On top of that, the finance personnel is expecting a new house this year, and is unsure how she is able to find money for the down payments and renovation costs.

Grandmother who used to take grandchild out for weekly shopping trips now unable to afford it

On the other hand, C takes on shifts as a relief teacher at a tuition centre her relative owns to earn some spare cash. The former HR personnel did not share how much Stickies Bar owes her.

C is a mother of three and grandmother to three grandchildren, one of whom is a four-year-old girl she has been looking after since she was a month old.

Her husband also has to take care of his ageing mother, so C would contribute to the family finances when she had a regular income.

Source: Unsplash, for illustration purposes only.

“The things I used to do for myself, I can’t do it anymore. Sometimes, when I think about the sacrifices I have to make, I’d break down and cry — but I’d rather do it for the children,” she said.

Previously, when she had a stable income, C would take her four-year-old granddaughter out shopping for clothes and toys on a regular basis.

“She would ask me: ‘Amma, are we going to buy shoes? Are we going to buy toys?’ These are things I used to do weekly with her, and now I can’t buy anything. It really breaks my heart.”

Stickies Bar earnings ‘dismal’ since IJM, supposedly due to Coldplay concerts & ‘negative publicity’

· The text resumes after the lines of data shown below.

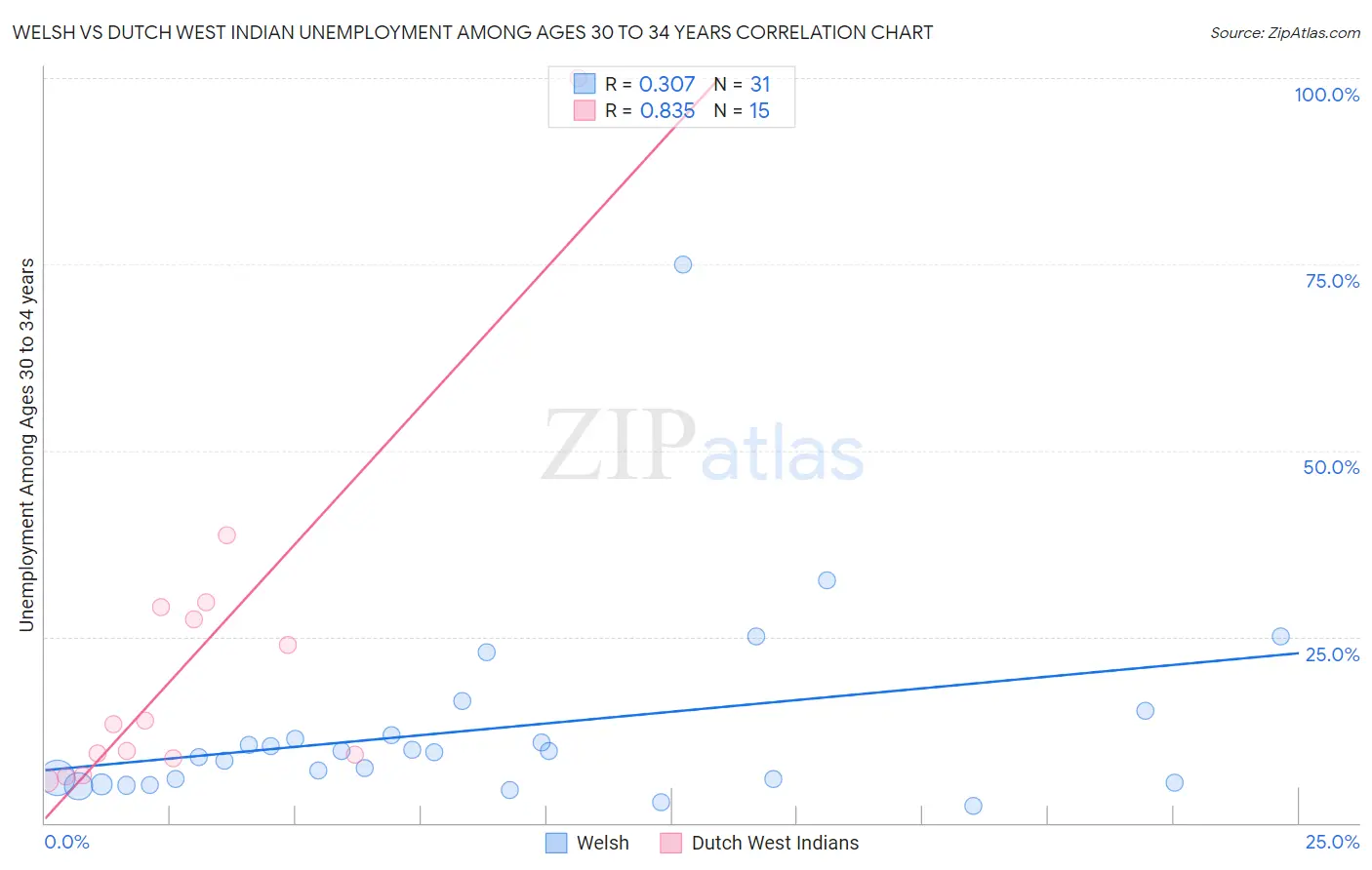 Welsh vs Dutch West Indian Unemployment Among Ages 30 to 34 years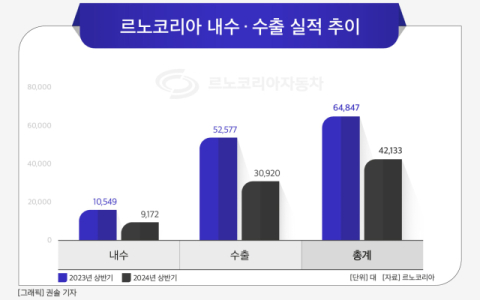 [그래픽] 르노코리아 내수&middot;수출 실적 추이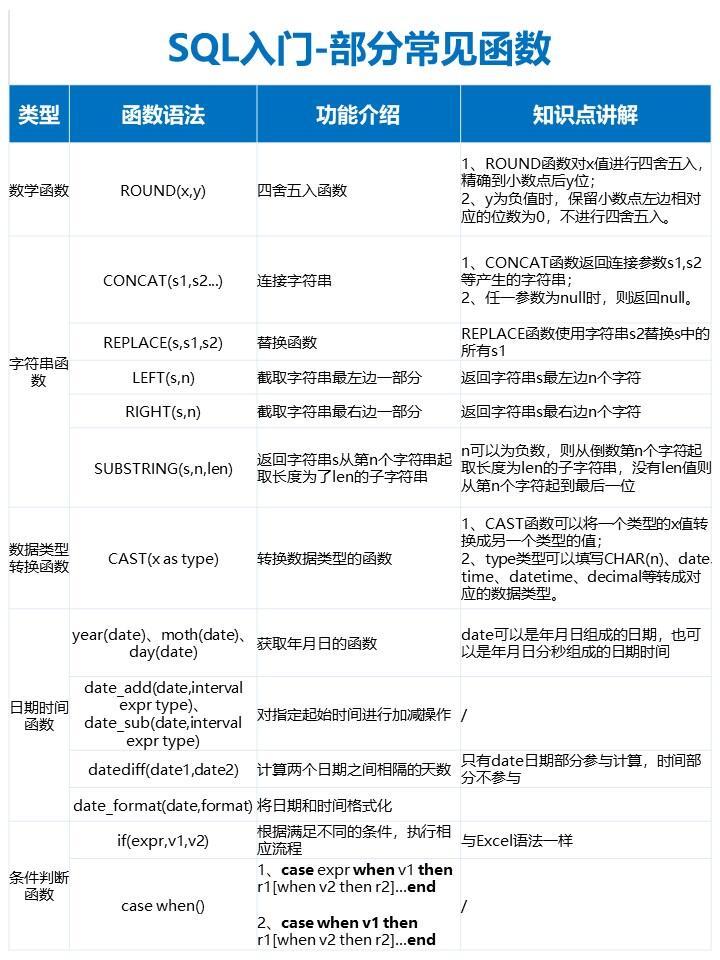 怎样高效地查询信息，从基础到进阶的指南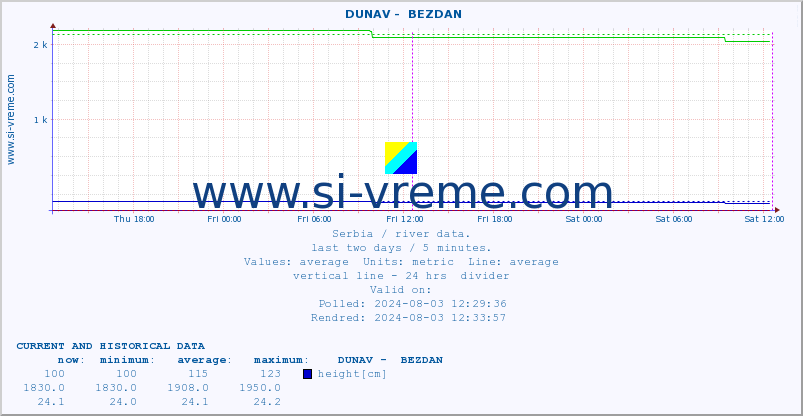  ::  DUNAV -  BEZDAN :: height |  |  :: last two days / 5 minutes.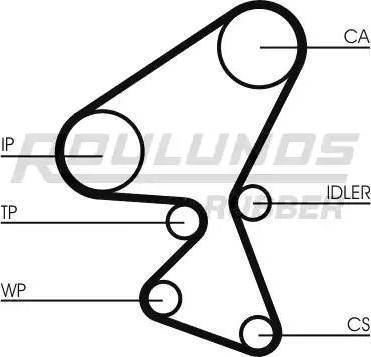 Roulunds Rubber RR1079K1 - Zobsiksnas komplekts www.autospares.lv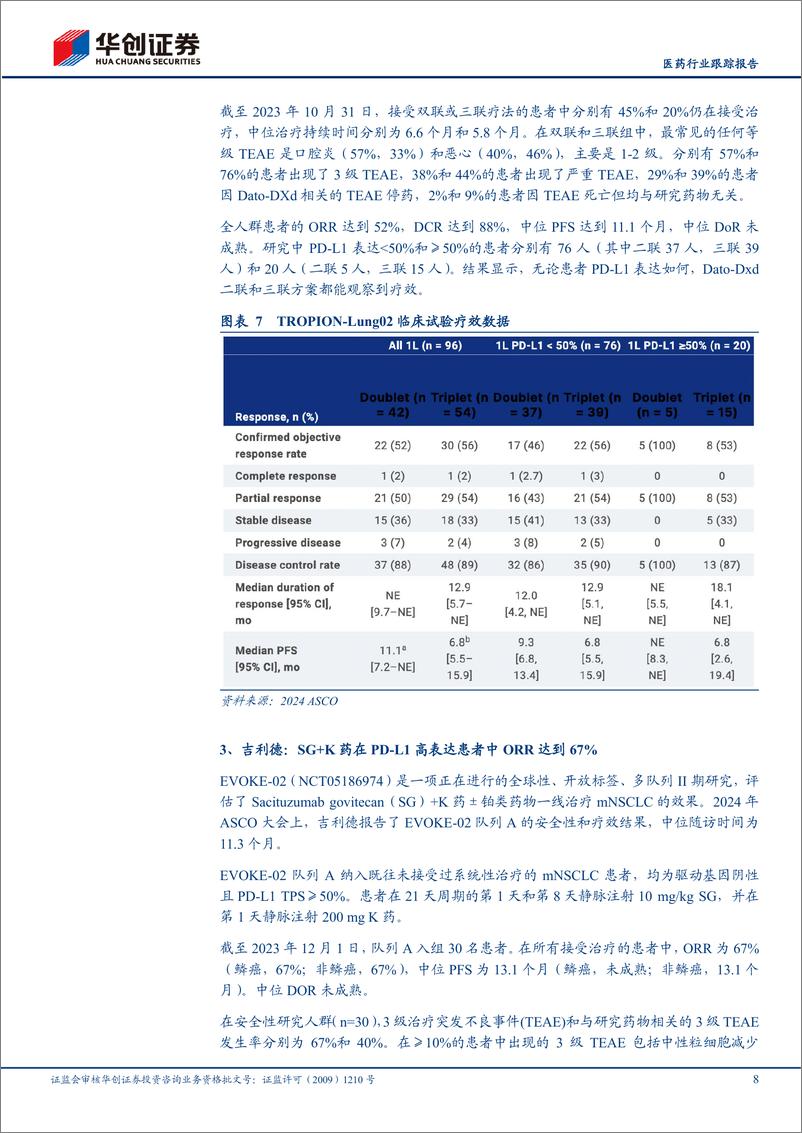 《医药行业跟踪报告-IO%2bADC新时代系列五：PD-1%2bTROP2＋ADC一线治疗NSCLC有望提升疗效-240603-华创证券-12页》 - 第8页预览图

On 31 Jan, staff members received a letter from the IJM on 31 Jan regarding the new management.

In the letter seen by MS News, it stated that the IJM is “presently not adopting any pre-existing employment contracts that [they] may have had with the company. This includes [their] current employment contract.”

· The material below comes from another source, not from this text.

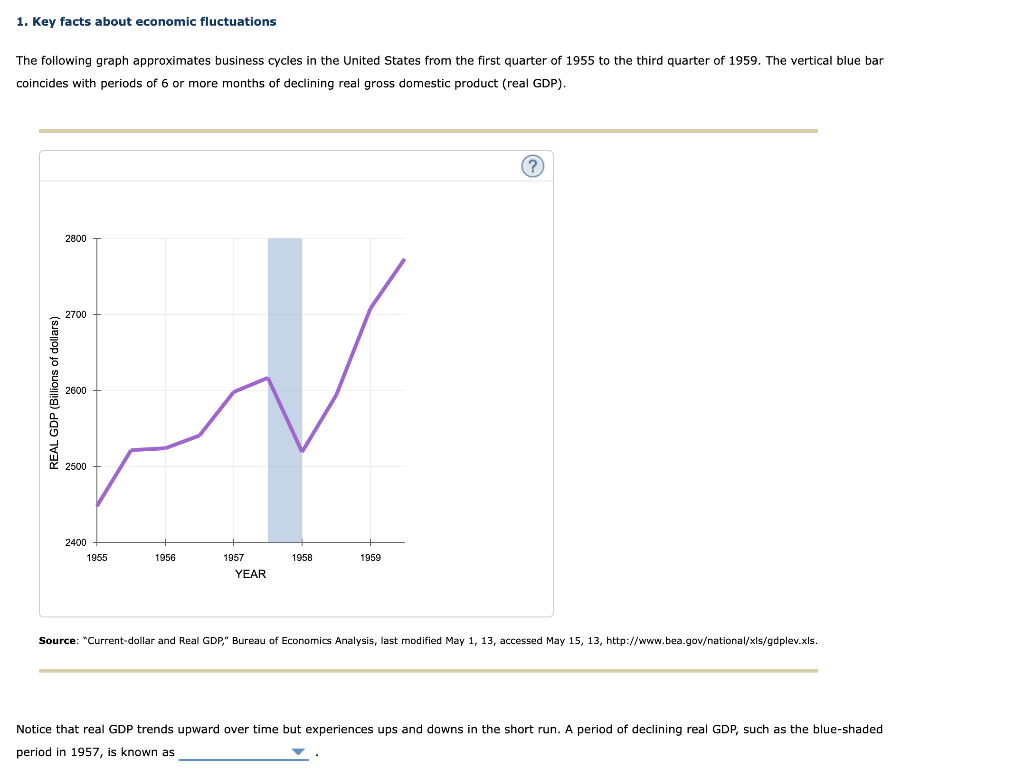 Solved 1. Key Facts About Economic Fluctuations The | Chegg.com | Chegg.com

The letter advised those to whom the company owes money to file a “Proof of Debt” to make a claim for the amounts.

It also prohibited employees from disclosing any confidential information about the company.

The letter further claims that the recent Coldplay concerts and the “negative publicity surrounding the company that was reported in the press recently” are the reasons behind its “dismal” earnings since the IJM took over on 24 Jan.

As such, the company is unable to commit to the full salaries of those working for Stickies from 24 Jan onwards, and that “haircuts” may be possible.

Concerned about job prospects & how media coverage may affect them securing new roles

B pointed out that it would be difficult to find a job after this due to the gap in their resumes. No one, she said in frustration, seems to understand their predicament.

C similarly stated that the recent media attention has affected her ongoing job search, as potential employers are reluctant to offer a job due to Stickies Bar’s current reputation.

She is hoping by speaking out and telling their side of the story, more employers would be open to helping the staff of Stickies secure new jobs.

B added: “I hope that other employers understand our situation, and give the Stickies Bar employees a chance. This is not what we wanted — we wanted to grow with the company, but it’s the company that let us down.”